Auch der Bundestagsabgeordnete Gottfried Curio sprach in einer Wahlkampfrede 2023 davon, die Einbürgerung von Migranten sei „nichts anderes als ein kalter Staatsstreich am Wahlvolk“. Reimond Hoffmann, damals im Landesvorstand der AfD in Baden-Württemberg, schrieb auf Facebook, die „Ersetzungsmigration schaltet den Turbo ein. Ein Albtraum“. Die Bundestagsabgeordnete Mariana Harder-Kühnel, die früher im Vorstand der Bundes-AfD war, behauptete „Massenmigration bedeutet explodierende Kriminalität, Zerstörung unseres Sozialstaates“.
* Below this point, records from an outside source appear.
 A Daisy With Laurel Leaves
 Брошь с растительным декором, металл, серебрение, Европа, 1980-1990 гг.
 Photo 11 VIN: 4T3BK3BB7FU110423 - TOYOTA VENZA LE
Birgit Bessin, inzwischen Bundestagsabgeordnete, postete auf Facebook über die „Fachkräfte des Todes“, die nicht ins Land kommen dürften, und der Landesverband der Jungen Alternative Sachsen schrieb dort über „Ficki Ficki Fachkräfte“. Christina Baum, früher im Bundesvorstand, forderte auf Facebook pauschal: „Moscheen, der Muezzin Ruf oder die Burka haben in Deutschland jedoch nicht zu suchen.“ Diese und viele weitere Zitate belegen nach Ansicht des Verfassungsschutzes: Der Verdacht, die Menschenwürdeverletzungen der AfD seien prägend für die Partei, habe sich bestätigt.
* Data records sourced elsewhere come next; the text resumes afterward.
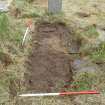 Archaeological works, Stone 7, area of disturbance following lifting, St Columba's Chapel, Aiginis, Isle of Lewis
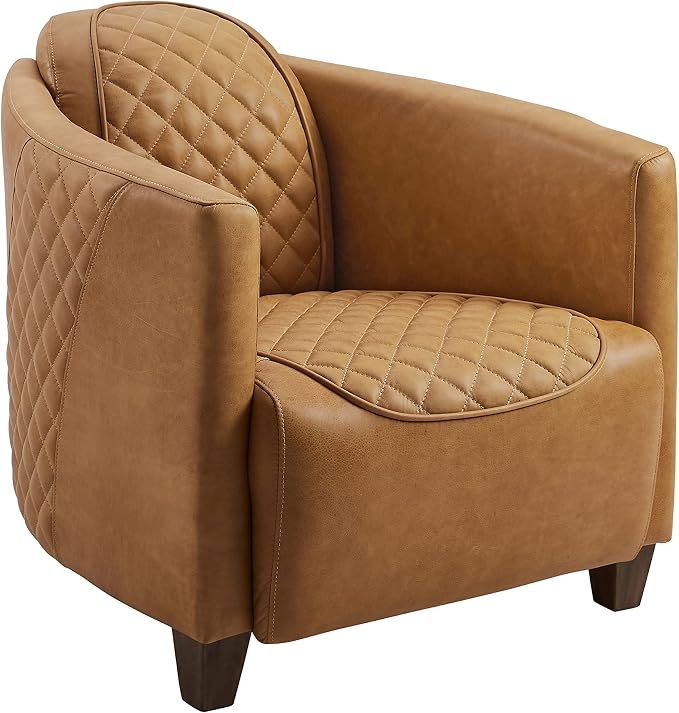 Art Leon Genuine Leather Chair, Mid Century Industrial Accent Arm Chair by ArtLeon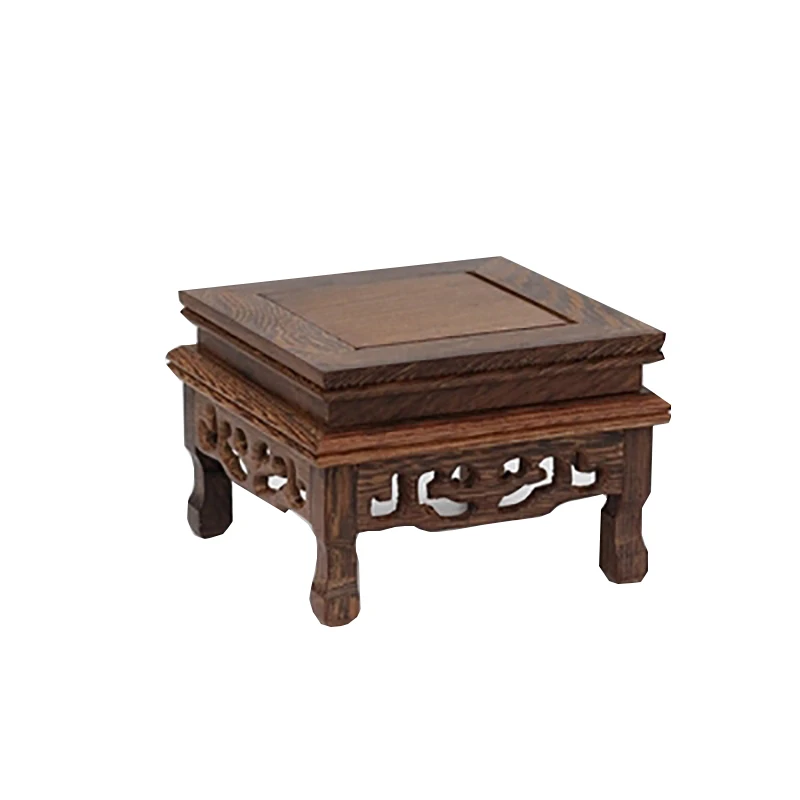 Retro Tea Table Tray, Small Square Teapot Base, Solid Wood, Bonsai Vase, Crafts Pedestal Display, Wooden Base Serving Tray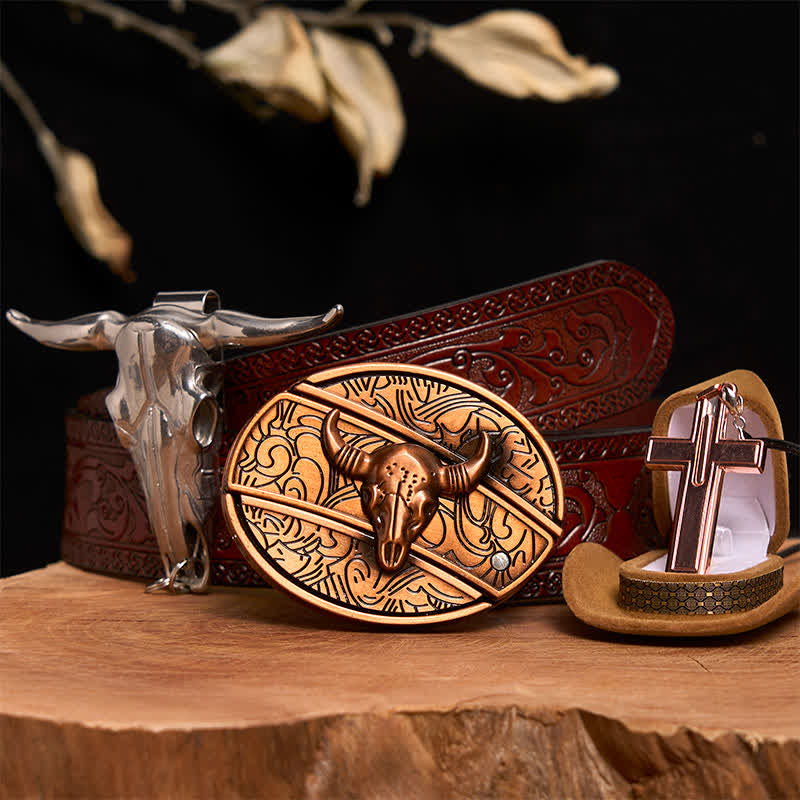 Ensemble de collier et boucle de ceinture en forme de croix avec couteau caché en bronze rouge - Taureau de bronze rouge - Ceinture marron sculptée - 42 - image 7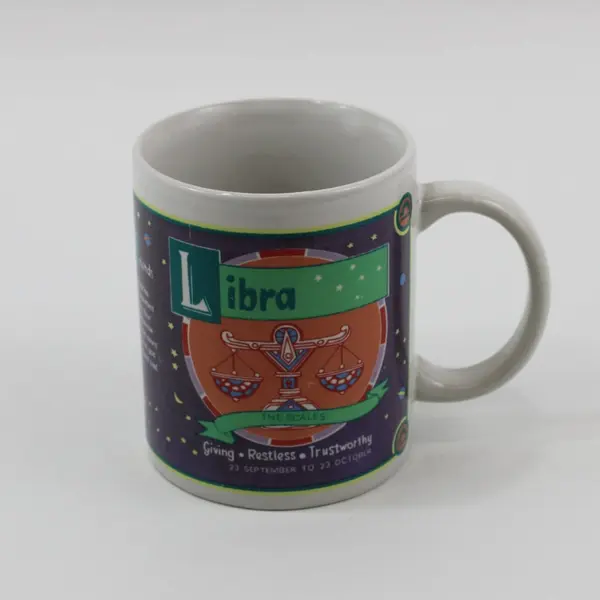 Libra Zodiac Sign Ceramic Coffee Mug Celestial Astrology Collectible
Für die Punkte Demokratieprinzip, Rechtsstaatlichkeitsprinzip und Positionierung zum Nationalsozialismus kommen die Autoren des Gutachtens zu dem Schluss, dass es zwar in allen Kategorien Belege für Verstöße gebe, auf allen Ebenen der Partei. Doch die AfD bleibe aufgrund der Anzahl der Belege Verdachtsfall. Dennoch liefern sie mehr als 160 Seiten Belege: die zu Weihnachten verschickte Propagandapostkarte der Wehrmacht von Ekaterina Gutner aus dem Vorstand des AfD-internen Vereins „Mit Migrationshintergrund“, der SS-Befehl, den man gerahmt in der Wohnung des bayerischen Landtagsabgeordneten Daniel Halemba fand, zum Beispiel. Auch Chrupalla und Weidel werden in den Kapiteln erwähnt.
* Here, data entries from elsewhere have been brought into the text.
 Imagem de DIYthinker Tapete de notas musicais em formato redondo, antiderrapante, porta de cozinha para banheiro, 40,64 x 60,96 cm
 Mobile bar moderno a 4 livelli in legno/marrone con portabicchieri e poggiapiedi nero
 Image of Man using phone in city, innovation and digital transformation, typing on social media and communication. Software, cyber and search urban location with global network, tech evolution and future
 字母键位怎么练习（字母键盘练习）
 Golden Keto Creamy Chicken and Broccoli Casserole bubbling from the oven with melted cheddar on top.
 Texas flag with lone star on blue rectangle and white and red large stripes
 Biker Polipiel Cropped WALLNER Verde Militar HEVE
Die AfD klagt gegen die Hochstufung. In der Klageschrift schreibt ihr Anwalt, die Vorwürfe des Verfassungsschutzes träfen nicht zu. Und selbst, wenn es „einzelne Mitglieder“ gäbe, auf die „einzelne“ Vorwürfe zuträfen, belege das noch nicht die „Prägung“ des Gesamtcharakters der Partei.